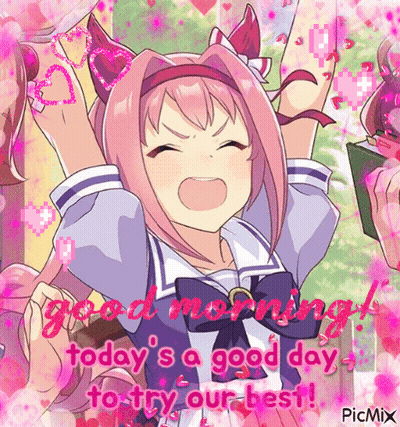 Girl Saying Good Morning Best Day GIF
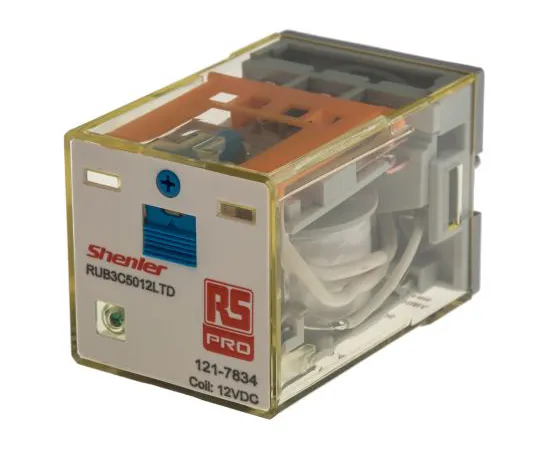 63-6809-07 RS PRO, 12V dc Coil Non-Latching Relay 3PDT, 10A Switching Current Plug In, 3 Pole 121-7834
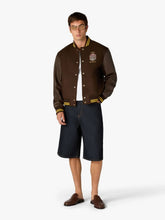 Casablanca Brown Celestial Pyramid Varsity Jacket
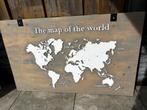 Wereld houten wandbord, Ophalen of Verzenden, Zo goed als nieuw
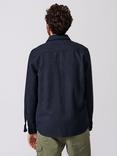 Aubin Lyaghts Wool Overshirt, Navy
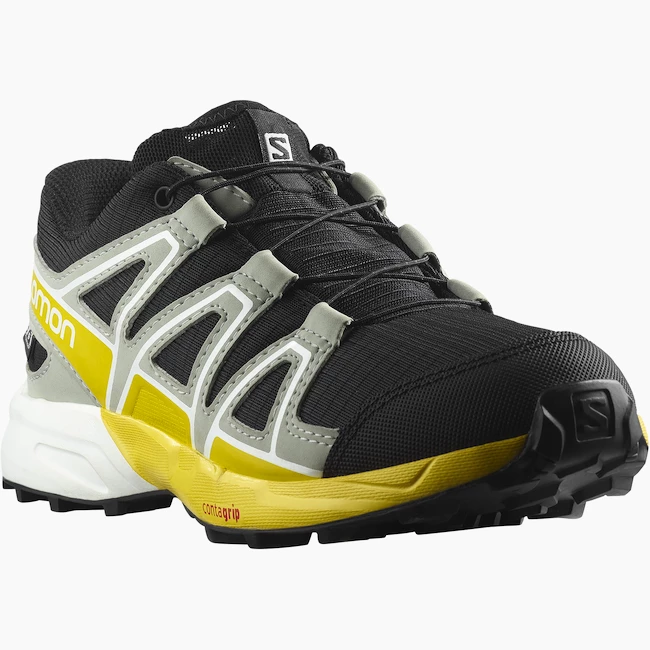 Juniorská běžecká obuv Salomon Speedcross CSWP Black/Wrough Iron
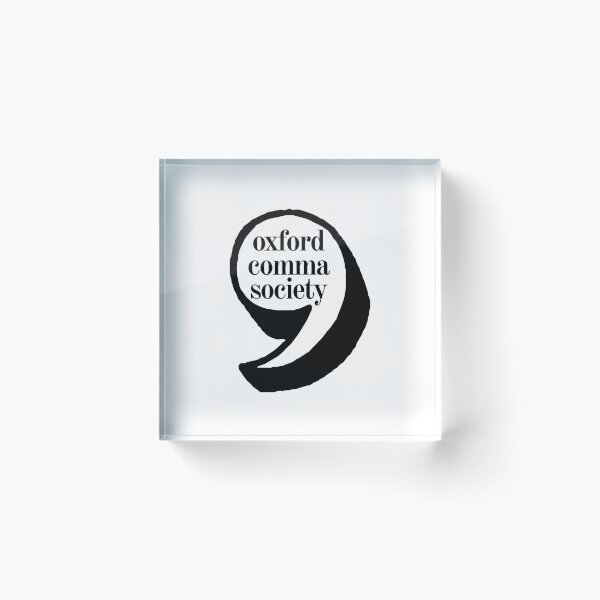 Item preview, Oxford Comma Society designed and sold by Neadoodles.
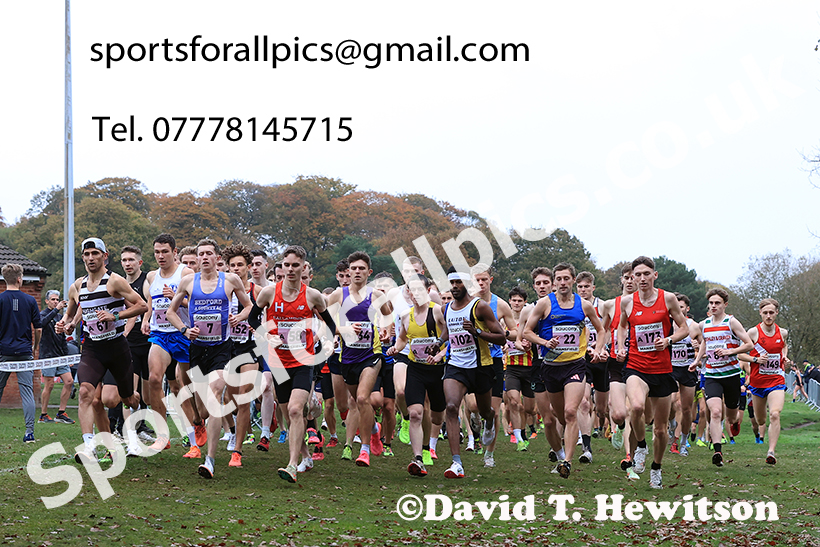 Senior Mens 2024 National Cross Country Relays, Berry Hill Park, Mansfield.   Photo: David T. Hewitson/Sports for All Pics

What this task involves:
Copy the listing exactly. Any image in it stays out of the copy.

Problem solution:
 Girl Saying Good Morning Best Day GIF
 63-6809-07 RS PRO, 12V dc Coil Non-Latching Relay 3PDT, 10A Switching Current Plug In, 3 Pole 121-7834
 Casablanca Brown Celestial Pyramid Varsity Jacket
 Wereld houten wandbord, Ophalen of Verzenden, Zo goed als nieuw
 Aubin Lyaghts Wool Overshirt, Navy
 Juniorská běžecká obuv Salomon Speedcross CSWP Black/Wrough Iron
 Item preview, Oxford Comma Society designed and sold by Neadoodles.
 Senior Mens 2024 National Cross Country Relays, Berry Hill Park, Mansfield.   Photo: David T. Hewitson/Sports for All Pics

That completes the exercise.